### What you will do
Copy the entries exactly. Leave out any pictures.

----

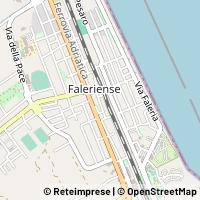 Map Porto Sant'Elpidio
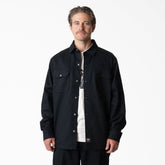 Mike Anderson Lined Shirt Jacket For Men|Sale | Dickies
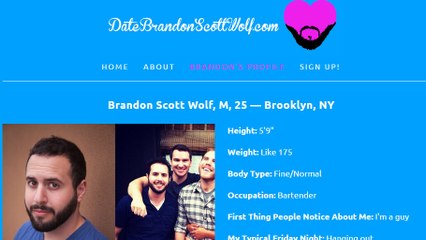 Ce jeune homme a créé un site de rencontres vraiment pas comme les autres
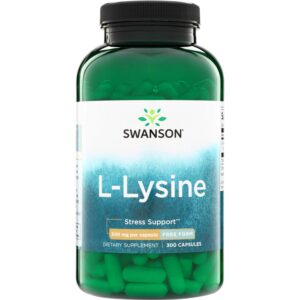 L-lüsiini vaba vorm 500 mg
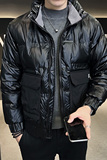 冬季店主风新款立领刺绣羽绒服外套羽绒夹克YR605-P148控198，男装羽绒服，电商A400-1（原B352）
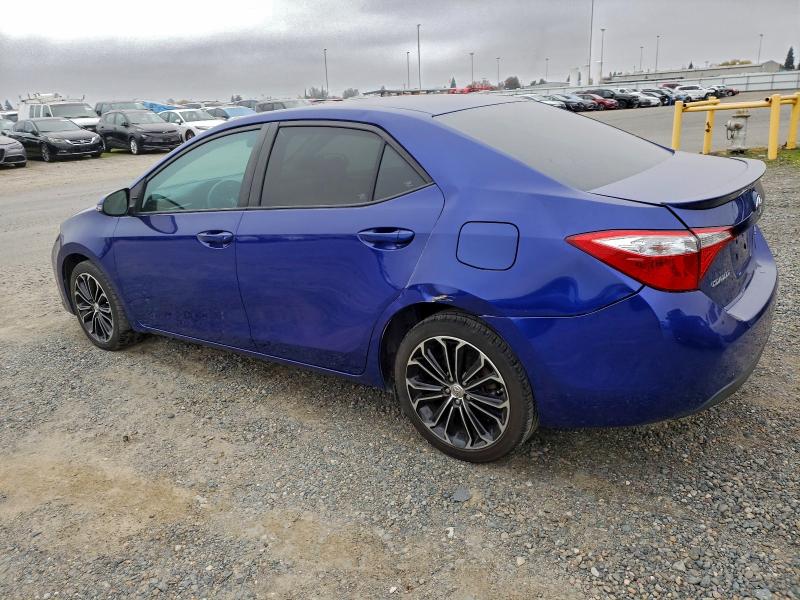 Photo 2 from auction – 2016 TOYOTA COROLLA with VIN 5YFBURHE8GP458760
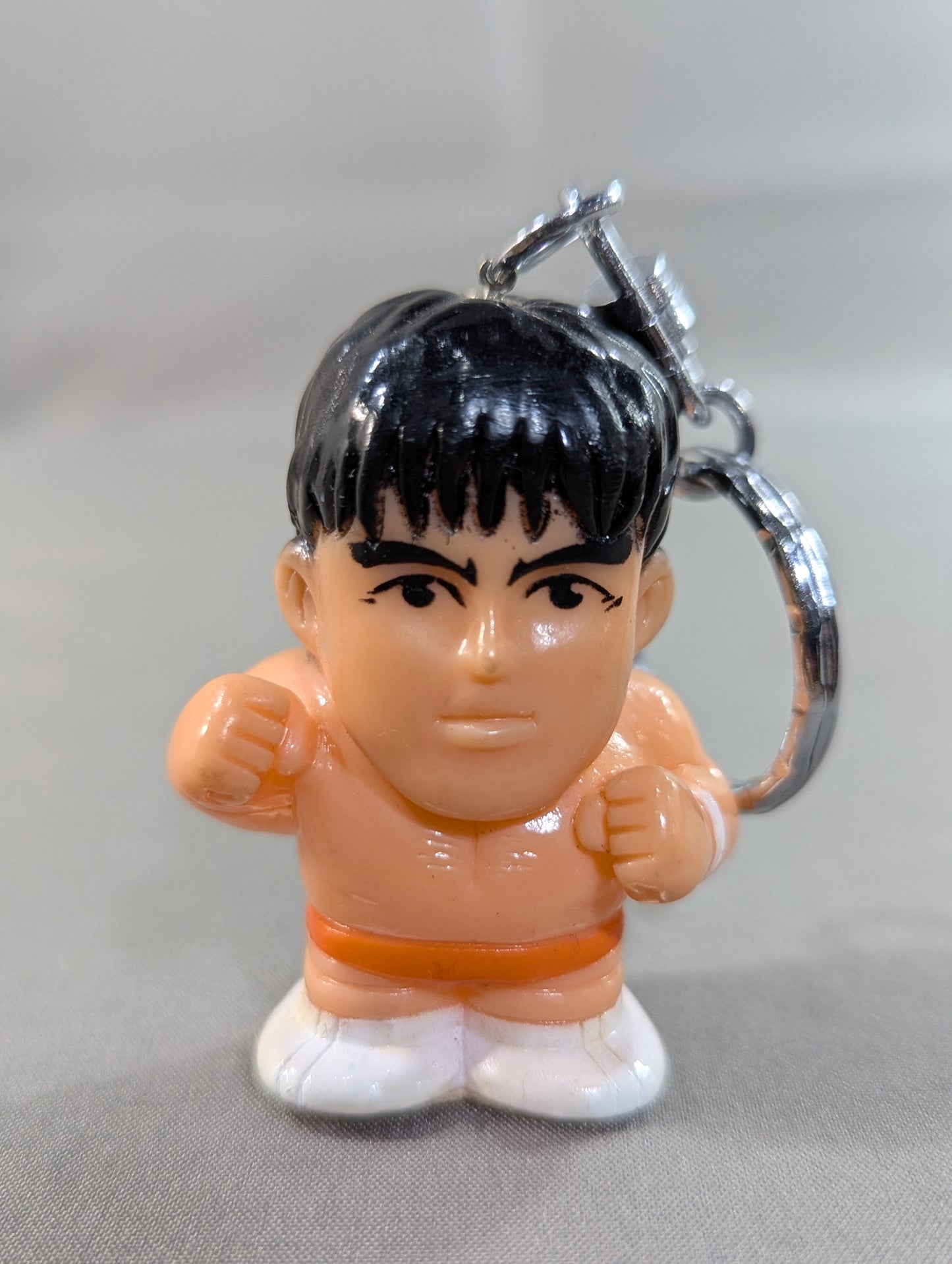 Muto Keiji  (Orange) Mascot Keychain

----

### Written response
 Map Porto Sant'Elpidio
 Mike Anderson Lined Shirt Jacket For Men|Sale | Dickies
 Ce jeune homme a créé un site de rencontres vraiment pas comme les autres
 L-lüsiini vaba vorm 500 mg
 冬季店主风新款立领刺绣羽绒服外套羽绒夹克YR605-P148控198，男装羽绒服，电商A400-1（原B352）
 Photo 2 from auction – 2016 TOYOTA COROLLA with VIN 5YFBURHE8GP458760
 Muto Keiji  (Orange) Mascot Keychain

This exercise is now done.